I hope you read this one day, son. Because it's really the only way I'll ever be able to let you know just how much what you said hurt.
We were out Christmas shopping a couple of weeks ago when my son pointed out a book that he wanted. It was a newly released title in a series of books that he had been reading for a while. Mental note made, I decided to pick up a copy for his birthday, shortening his wait to Christmas by a couple of weeks.
On a later shopping outing, I had the opportunity to buy a copy of the book without him even suspecting. That's kind of an accomplishment in and of itself. I hid it in our van and got it upstairs to our bedroom where I had another book hidden away for his upcoming birthday.
On his birthday, before I wrapped his gifts I hunted down a good pen - one that wrote nicely - and made an extra effort to neatly write a note on the title page. I put the date in the upper, right-hand corner. Below the title of the book I wrote, "Happy 11th Birthday. Love Dad and Mom." Then I wrapped it in tissue paper and put it in a gift bag with the other book.

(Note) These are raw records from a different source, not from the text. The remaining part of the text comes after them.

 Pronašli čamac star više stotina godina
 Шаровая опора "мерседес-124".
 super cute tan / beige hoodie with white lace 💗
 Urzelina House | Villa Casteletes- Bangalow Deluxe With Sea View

If you're reading closely, you may have deduced that my son was only getting two gifts from us on this particular occasion. That's not because his birthday is so close to Christmas. We've always said that should not factor into it. We don't make a big deal out of birthdays at our house, but Christmas is Christmas, and your birthday is your birthday. The relatively modest "take" had nothing to do with that. What it really boiled down to was that my son wanted to take several friends to go play paintball for his birthday party. As usual, however, he didn't express this until it was far too late to make all the necessary arrangements. For starters, the paintball facility required a minimum of one week's notice and a downpayment. For another, the smallest birthday party package they offered cost a little over $200. That's FAR more than we usually spend on birthdays for any member of our family. My son typically changes his mind about what he wants to do on his birthday at least four times, two of which usually occur within a week of the actual date. At any rate, since there was no time and the weather wasn't really all that conducive to outdoor activities, we agreed to set up a paintball outing at a later date. That would be his real present. But, I do like to give my kids something for their birthdays that they can keep and remember. Hence, the books.

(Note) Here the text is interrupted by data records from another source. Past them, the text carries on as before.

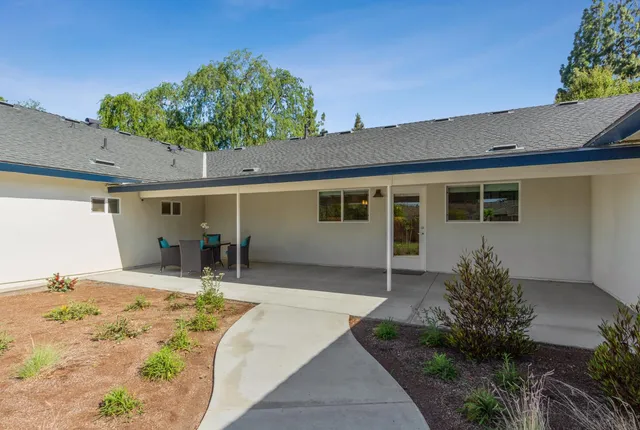 $900,000 | 1545 West Calimyrna Avenue, Fresno, CA 93711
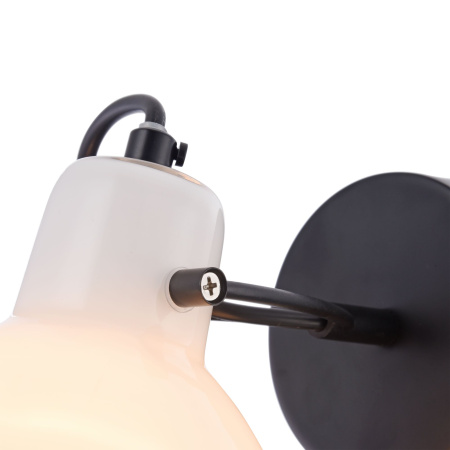 Бра 1*E14 40Вт Черный IP22 Daniel MOD407-WL-01-B Maytoni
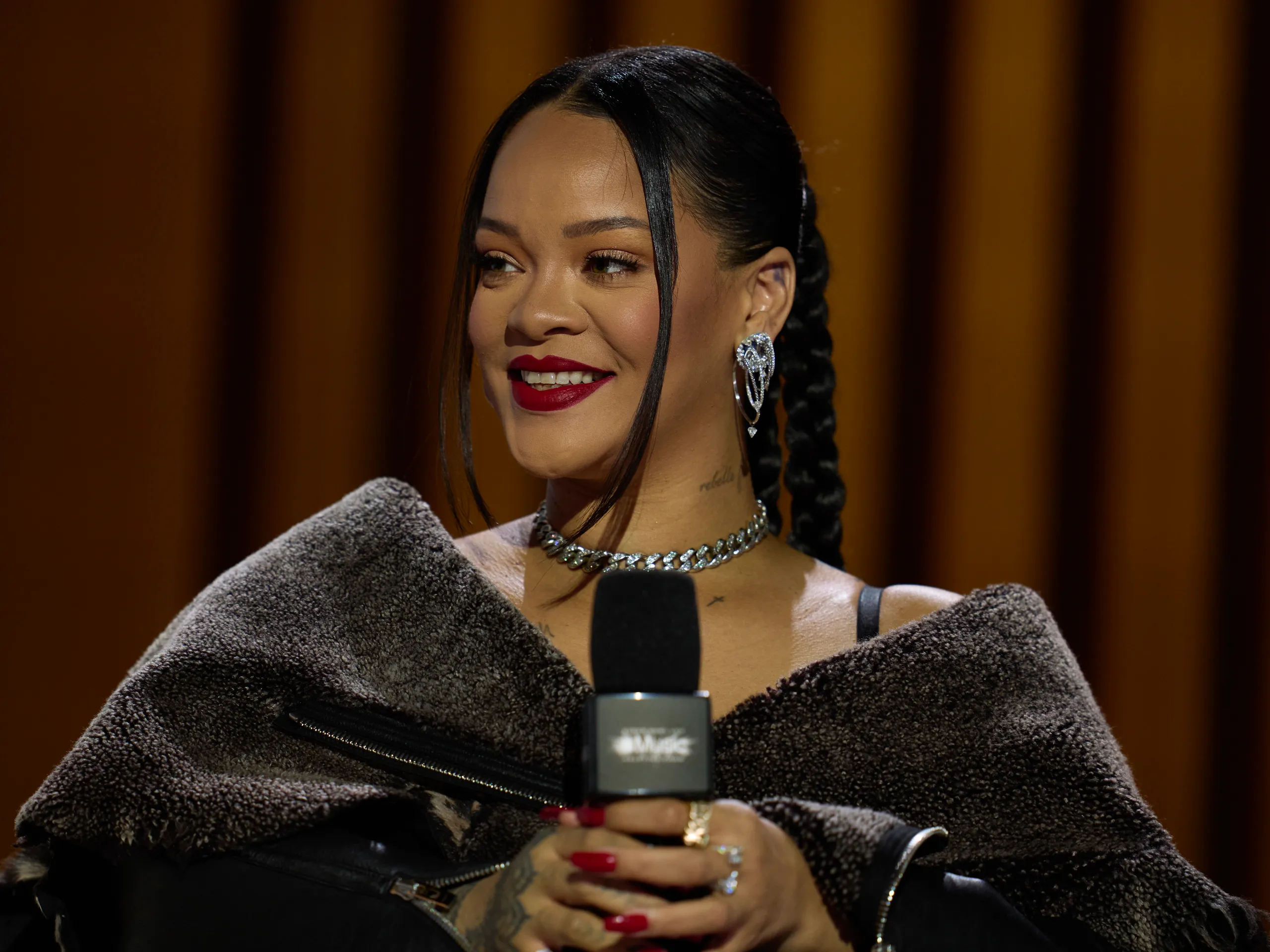 rihanna hd wallpapers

I didn't expect him to be overjoyed by the books, but I did figure he'd be somewhat pleased with them. One was a softcover picture book about Navy SEALS, one of my son's latest passions. The other he had flat out told me he'd like to have. And, it was a hardback, first edition. So, I expected him to be somewhat appreciative, which he was at first.

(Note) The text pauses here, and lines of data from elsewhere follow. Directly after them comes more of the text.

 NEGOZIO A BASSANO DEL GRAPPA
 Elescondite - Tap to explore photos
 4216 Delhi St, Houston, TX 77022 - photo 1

What I wasn't prepared for was his reaction when he opened the hardback book and saw my handwritten note on the title page.
"Why did you write in it? You killed it?" he said.
I don't even know what I said in response. I was stunned. I wrote the note with the intent of adding some personal value to the book, not to ruin it. Perhaps my harping about taking care of his things had gone too far. He's not typically devoid of sentiment. I don't know what I'd say now, given days to think about it. All I know is that those words cut to the bone.
His sister had gotten him a movie, which we watched after he had unwrapped his books. After the movie, I picked up the book, opened it to the title page, and tore it out. Then I wadded up that page and threw it in the trash. What else could I do? I couldn't return the book and he clearly didn't want a book with a handwritten note in it.
I have a letter that my dad wrote me when I was younger than my son. Dad was working in Virginia and we were still living in Indiana. My mom kept it all these years and sent it to me last summer. My dad is still alive. It's not like I'll never hear from him again. But, we don't see each other often. Time and distance simply make it impractical for us to visit in person. The vast majority of our communications are by e-mail; eventually they'll disappear without a trace. So, I'll hold onto that letter from my dad until I'm gone.
I figured I'd give my son something to hold onto in the event that he and I find ourselves separated by time and distance the way my own dad and I have. Maybe he's still too young to get that. Maybe he doesn't even comprehend that there will be a day when I won't see him off to school and I won't tuck him in at night. Or, maybe that just means more to me than it does to him.